Adopting the Enterprise Architecture

The enterprise architecture is a holistic architecture for large enterprises to use IBM Cloud® at scale while staying within IBM Cloud limits.

The enterprise architecture follows best practices and principles across networking, resource organization, security, Infrastructure as Code (IaC), and other domains. The impact of this holistic approach is a dramatic reduction in application team overhead, leading to increased productivity, security, and compliance. It is necessary to understand the enterprise architecture before reading this paper.

While each enterprise has a unique starting point, some form of transition is typically required for an enterprise to use these recommendations. By adopting the recommendations, your enterprise gains the benefits of the architecture such as high scale, reduced cost, and improved compliance and security posture.

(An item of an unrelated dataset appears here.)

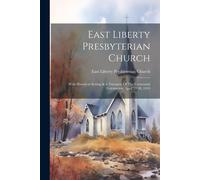 East Liberty Presbyterian Church: With Historical Setting & A Narrative Of The Centennial Celebration, April 12-20, 1919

This paper discusses strategies that can be used to adopt the enterprise architecture from almost any starting point.

Adoption framework

Adoption of the enterprise architecture can be framed as a set of steps and decision points. This framework provides a methodical process to transition workloads to the enterprise architecture by using the following steps:

  1. Understand the benefits and objectives
  2. Assess existing workloads
  3. Determine the best transition strategy
  4. Identify risks and barriers
  5. Prepare
  6. Apply transition strategies
  7. Evaluate success and clean up

Understanding benefits and objectives

The enterprise architecture uses best practices to achieve compliance, scale, efficiency, security, and effective FinOps. This architecture is aligned with IBM internal use and benefits from high levels of IBM support. For more details, see the Enterprise architecture white paper.

Depending on your organization's starting point and objectives, it might be desirable to adopt only a subset of the recommendations. For this reason, it is important to define your objectives for transitioning a particular workload.

To plan for your adoption of the enterprise architecture, ask yourself:

  • What is the scope of adoption? Should certain workloads be excluded?
  • What is the end state that you want for particular workloads?
  • What is the timeline?
  • Does adoption pose more risk for certain elements?

Justifying a change

Key motivations for adopting the enterprise architecture include:

  • Cost savings. Shared infrastructure efficiencies, reduced operations overhead, and better FinOps practices reduce cost.
  • Increased compliance and security. Deployable architectures start secure and compliant and can be centrally maintained. Infrastructure audits are handled centrally and with fewer resources.
  • Easier operations. A central team manages infrastructure, which requires fewer operations resources and maximizes resources with scarce expertise.
  • Reduced need for expensive skill sets that are outside the focus of the business. Networking, security, and compliance expertise can be centralized into one team for greater effect.
  • Increased scale. Scaling limitations for applications and organizations are avoided.
  • Increased governance. The architecture reduces the opportunity for errors, allows rollbacks, and eliminates the possibility for bad actors to undermine security controls.
  • Dramatically improve application developer productivity. Application developers don't need to concern themselves with infrastructure, high availability, BCDR, compliance, or security.